Escuchó una voz que gritaba su nombre y creyó reconocer esa voz: era la de su
hermano Rafael. Se volvió al instante pero no vio nada fuera de lo normal ni
ningún otro compañero de vagón mostró el más leve signo de que algo fuera de lo
normal hubiese sucedido; pero mí padre sí que había escuchado una voz que
repetía dos veces su nombre, y estaba seguro que esa voz era la de mi tío.
Llegó a Daimiel
y se dirigió a la casa, pero ya era tarde: mi tío Rafael había muerto unas
horas antes, justo durante el trayecto que mi padre hacía en tren desde Madrid.
Pero no fue
entonces, sino años después, cuando mi padre le comentó al médico de cabecera
que atendió a mi tío y permaneció junto a él en el preciso instante de su
muerte, la experiencia que había tenido en el tren cuando se dirigía a Daimiel.

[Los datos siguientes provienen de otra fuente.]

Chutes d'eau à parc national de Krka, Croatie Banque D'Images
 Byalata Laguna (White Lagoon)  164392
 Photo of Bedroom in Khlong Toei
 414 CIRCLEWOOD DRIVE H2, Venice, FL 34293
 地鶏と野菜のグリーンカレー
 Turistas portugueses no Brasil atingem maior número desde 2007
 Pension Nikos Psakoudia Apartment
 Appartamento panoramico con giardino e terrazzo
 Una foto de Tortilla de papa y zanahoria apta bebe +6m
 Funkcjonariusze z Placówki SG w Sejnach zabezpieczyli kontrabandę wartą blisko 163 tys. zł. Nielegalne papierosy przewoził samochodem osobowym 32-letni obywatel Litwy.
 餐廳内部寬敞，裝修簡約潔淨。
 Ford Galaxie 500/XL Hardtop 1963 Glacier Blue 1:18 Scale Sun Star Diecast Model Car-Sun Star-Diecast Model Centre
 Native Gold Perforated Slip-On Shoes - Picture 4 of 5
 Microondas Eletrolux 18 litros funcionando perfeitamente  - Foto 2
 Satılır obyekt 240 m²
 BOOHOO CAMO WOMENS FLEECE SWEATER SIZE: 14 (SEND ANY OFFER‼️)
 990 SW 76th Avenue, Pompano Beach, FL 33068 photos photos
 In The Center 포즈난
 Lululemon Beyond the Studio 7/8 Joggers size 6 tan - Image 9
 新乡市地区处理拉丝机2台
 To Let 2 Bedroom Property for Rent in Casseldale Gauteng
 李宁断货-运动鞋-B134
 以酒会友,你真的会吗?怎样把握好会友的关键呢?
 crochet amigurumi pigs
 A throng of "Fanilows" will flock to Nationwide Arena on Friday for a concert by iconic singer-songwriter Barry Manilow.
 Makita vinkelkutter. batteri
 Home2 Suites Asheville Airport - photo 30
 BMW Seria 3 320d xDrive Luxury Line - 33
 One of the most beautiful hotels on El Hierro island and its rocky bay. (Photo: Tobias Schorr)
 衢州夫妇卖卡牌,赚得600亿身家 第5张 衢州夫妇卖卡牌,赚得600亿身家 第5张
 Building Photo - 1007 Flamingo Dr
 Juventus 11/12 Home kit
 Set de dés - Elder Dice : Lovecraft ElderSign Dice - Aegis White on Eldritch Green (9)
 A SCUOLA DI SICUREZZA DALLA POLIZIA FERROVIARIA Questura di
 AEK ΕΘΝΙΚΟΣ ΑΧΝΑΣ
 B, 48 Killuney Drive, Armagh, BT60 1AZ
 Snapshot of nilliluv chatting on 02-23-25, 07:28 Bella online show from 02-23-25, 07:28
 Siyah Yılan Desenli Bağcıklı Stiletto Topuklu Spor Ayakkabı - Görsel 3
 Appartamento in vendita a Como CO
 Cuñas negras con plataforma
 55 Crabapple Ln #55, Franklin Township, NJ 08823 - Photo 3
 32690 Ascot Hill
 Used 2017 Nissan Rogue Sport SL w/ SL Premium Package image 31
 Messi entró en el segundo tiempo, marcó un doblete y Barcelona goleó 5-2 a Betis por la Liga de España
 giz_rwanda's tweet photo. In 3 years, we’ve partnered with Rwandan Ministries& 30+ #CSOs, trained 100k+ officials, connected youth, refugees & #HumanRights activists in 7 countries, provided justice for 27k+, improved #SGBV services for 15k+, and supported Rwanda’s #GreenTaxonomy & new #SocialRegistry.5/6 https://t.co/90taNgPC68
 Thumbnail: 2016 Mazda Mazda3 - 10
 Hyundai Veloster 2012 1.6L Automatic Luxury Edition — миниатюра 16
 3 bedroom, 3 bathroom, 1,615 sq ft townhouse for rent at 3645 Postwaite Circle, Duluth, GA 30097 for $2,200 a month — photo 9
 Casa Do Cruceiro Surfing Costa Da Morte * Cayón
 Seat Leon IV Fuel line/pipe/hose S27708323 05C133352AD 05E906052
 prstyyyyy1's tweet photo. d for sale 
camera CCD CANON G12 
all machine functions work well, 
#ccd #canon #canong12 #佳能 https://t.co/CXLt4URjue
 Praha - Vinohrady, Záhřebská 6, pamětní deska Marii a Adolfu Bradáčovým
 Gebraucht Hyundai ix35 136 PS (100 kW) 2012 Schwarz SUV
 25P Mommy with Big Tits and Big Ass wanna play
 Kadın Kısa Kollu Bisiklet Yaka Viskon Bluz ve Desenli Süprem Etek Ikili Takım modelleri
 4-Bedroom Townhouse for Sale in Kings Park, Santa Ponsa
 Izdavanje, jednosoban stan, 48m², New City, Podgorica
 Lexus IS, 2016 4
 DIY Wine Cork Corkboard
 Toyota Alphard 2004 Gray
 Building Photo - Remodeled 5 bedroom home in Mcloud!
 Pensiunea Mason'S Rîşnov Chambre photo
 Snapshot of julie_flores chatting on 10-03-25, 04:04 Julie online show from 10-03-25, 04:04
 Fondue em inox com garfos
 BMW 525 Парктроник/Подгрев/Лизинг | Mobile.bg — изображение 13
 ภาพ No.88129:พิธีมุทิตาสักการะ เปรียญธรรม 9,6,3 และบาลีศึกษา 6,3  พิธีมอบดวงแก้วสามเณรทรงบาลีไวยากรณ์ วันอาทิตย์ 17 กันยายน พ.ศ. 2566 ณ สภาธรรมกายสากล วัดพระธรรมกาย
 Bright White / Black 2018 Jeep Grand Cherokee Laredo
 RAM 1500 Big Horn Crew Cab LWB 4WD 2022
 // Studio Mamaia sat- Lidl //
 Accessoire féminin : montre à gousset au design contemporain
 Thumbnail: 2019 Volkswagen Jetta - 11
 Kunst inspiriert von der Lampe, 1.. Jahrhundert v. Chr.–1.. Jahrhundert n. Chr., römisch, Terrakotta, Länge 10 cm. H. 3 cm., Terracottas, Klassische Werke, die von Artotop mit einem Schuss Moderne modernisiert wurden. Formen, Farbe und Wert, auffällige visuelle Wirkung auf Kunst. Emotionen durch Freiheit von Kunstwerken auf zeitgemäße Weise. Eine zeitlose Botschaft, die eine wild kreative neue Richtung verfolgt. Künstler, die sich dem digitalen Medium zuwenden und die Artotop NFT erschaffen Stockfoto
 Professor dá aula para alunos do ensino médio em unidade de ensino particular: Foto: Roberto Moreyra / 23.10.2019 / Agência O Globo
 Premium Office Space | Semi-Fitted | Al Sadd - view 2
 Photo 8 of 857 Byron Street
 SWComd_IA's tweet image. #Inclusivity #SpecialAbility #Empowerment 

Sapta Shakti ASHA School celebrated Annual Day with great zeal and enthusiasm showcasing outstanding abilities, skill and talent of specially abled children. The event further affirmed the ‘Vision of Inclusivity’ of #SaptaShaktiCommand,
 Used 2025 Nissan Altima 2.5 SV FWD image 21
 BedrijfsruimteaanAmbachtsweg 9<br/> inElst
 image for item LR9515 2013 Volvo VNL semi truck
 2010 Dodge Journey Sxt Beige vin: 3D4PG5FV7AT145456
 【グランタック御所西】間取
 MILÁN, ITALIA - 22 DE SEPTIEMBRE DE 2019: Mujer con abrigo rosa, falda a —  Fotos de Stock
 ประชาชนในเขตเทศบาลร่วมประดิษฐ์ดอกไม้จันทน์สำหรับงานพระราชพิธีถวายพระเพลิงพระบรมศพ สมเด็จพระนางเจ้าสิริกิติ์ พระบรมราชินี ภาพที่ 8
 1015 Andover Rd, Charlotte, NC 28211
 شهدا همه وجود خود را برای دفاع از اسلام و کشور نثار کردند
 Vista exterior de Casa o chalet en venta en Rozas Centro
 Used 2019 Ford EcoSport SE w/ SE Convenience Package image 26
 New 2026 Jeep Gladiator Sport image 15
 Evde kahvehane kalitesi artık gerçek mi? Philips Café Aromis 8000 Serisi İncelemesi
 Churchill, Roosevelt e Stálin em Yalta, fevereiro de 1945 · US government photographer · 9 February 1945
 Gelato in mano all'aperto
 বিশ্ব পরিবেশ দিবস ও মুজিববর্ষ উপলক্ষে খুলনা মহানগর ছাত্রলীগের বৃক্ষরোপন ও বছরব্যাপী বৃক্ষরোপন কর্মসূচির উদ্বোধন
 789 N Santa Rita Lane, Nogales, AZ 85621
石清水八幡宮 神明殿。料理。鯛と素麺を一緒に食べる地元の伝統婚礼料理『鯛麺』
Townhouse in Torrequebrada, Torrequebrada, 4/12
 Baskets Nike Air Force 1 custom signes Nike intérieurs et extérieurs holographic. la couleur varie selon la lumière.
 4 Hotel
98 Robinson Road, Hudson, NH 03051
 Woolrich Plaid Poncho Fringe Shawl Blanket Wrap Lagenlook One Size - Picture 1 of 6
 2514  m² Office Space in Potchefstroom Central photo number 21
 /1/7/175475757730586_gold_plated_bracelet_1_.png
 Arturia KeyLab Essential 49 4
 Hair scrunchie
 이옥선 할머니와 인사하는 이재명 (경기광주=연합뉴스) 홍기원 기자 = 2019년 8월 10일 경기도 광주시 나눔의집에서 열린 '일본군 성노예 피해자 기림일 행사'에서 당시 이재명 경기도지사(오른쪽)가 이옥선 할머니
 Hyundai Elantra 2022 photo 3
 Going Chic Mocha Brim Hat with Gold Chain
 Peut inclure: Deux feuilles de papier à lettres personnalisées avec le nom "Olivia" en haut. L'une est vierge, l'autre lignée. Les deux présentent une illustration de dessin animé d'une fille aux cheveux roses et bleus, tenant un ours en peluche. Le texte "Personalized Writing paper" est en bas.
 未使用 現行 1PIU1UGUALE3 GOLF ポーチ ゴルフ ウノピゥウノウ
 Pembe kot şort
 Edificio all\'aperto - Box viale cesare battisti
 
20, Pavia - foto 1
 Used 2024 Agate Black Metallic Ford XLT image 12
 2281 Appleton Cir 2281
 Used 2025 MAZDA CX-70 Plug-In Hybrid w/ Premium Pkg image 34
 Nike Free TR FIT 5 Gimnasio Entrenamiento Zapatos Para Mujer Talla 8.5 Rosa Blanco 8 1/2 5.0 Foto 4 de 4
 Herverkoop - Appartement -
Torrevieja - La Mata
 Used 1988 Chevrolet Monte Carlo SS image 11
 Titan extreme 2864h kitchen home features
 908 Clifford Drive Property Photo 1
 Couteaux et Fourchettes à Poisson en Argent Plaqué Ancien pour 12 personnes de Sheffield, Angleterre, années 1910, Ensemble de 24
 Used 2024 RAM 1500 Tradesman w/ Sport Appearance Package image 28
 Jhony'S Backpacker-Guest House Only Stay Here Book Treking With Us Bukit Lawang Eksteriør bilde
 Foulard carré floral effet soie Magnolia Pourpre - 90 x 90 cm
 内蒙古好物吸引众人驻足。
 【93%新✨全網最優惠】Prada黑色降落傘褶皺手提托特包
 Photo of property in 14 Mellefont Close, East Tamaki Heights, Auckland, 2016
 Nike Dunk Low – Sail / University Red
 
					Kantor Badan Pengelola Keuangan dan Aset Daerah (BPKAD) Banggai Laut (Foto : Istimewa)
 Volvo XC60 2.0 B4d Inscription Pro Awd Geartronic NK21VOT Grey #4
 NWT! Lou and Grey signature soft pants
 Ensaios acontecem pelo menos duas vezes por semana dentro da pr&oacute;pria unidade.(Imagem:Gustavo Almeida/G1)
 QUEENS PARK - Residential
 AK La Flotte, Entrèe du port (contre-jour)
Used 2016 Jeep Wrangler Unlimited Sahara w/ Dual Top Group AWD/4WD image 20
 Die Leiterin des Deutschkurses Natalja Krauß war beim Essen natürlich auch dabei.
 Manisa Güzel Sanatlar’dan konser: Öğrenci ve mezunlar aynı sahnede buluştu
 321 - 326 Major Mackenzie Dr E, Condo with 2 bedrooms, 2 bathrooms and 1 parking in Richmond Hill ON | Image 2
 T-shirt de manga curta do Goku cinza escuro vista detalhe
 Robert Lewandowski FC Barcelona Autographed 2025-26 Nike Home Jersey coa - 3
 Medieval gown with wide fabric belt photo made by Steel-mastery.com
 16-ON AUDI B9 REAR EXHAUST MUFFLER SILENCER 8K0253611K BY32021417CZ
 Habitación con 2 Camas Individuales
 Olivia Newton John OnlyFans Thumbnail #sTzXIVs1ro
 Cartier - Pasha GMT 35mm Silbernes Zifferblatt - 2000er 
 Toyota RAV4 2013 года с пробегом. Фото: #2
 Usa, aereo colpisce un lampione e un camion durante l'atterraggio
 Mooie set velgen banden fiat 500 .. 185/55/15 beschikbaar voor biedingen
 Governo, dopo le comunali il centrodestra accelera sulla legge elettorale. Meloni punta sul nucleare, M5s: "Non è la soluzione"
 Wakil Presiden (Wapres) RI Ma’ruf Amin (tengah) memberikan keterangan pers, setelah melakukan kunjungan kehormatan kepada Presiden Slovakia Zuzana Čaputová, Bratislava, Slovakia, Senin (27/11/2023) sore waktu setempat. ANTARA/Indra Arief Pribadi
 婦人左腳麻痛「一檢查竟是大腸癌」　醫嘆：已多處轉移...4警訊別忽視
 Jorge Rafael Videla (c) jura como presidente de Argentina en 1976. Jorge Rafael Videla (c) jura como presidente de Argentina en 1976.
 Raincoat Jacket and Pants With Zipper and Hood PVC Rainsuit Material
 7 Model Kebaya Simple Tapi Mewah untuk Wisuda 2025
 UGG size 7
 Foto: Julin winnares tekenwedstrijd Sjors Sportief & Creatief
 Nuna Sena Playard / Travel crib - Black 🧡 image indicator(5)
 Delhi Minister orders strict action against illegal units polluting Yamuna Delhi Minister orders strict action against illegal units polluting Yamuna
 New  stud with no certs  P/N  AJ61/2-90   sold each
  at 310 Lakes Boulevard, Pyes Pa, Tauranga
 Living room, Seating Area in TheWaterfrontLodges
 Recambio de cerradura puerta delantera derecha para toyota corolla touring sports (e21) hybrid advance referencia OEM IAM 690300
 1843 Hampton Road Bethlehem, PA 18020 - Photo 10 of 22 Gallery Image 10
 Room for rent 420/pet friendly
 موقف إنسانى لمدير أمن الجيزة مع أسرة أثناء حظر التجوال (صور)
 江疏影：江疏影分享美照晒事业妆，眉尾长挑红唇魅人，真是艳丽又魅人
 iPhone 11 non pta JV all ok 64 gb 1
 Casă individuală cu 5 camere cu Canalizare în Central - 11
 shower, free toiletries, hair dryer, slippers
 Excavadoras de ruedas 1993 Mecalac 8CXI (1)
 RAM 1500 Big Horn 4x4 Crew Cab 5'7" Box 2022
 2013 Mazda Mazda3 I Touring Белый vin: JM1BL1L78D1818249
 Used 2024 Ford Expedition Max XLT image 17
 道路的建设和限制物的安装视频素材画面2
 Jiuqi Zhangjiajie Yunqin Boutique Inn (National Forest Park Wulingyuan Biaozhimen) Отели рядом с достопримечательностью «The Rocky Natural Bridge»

El médico se sorprendió y le confesó a mi padre que justo en el momento de la
muerte mi tío Rafael lo llamó y dijo dos veces su nombre: “¡Gaspar, Gaspar!”.
Pasaron más años
y la casa de Madrid había sufrido grandes cambios: nueva pintura, nuevos muebles,
nuevo reparto de habitaciones... la que antes fuera la habitación de mi tío,
ahora era la mía.
Una noche estaba
con dos amigos en el salón y hablábamos, precisamente, de mi tío. No había
nadie más en la casa, pues toda la tarde la habíamos pasado solos. La única luz
era la de la lámpara de pie del salón. En un momento dado, algo surgió y tuve
que levantarme para ir a mi cuarto a coger alguna cosa. Abrí la puerta del
largo pasillo que cerré al pasar. Avancé, apenas sin luz durante unos metros
cuando un frío intenso bañó todo el pasillo; parecía como si en pleno invierno
se hubieran dejado abiertas todas las ventanas... pero no era invierno y además
todas las puertas que daban al pasillo estaban cerradas. Fuertemente
impresionado llegué hasta el interruptor de luz y lo accioné. Ahora había luz
pero el frío continuaba y ahora un fuerte olor bañaba todo el pasillo: ¡el olor
de mi tío! Me quedé paralizado, mirando a todas partes pero sin ver nada,
mientras el frío y el olor continuaban. Como pude, me di la vuelta y regresé
hasta el salón. Mi llegada sorprendió a mis amigos, sobre todo por la cara de
susto que llevaba. Les conté lo sucedido y sin movernos del salón, permanecimos
allí quietos hasta que fue llegando el resto de mi familia. La normalidad del
pasillo se había restaurado pero hoy, muchos años después, sigo reviviendo ese
episodio como si se tratase del primer día.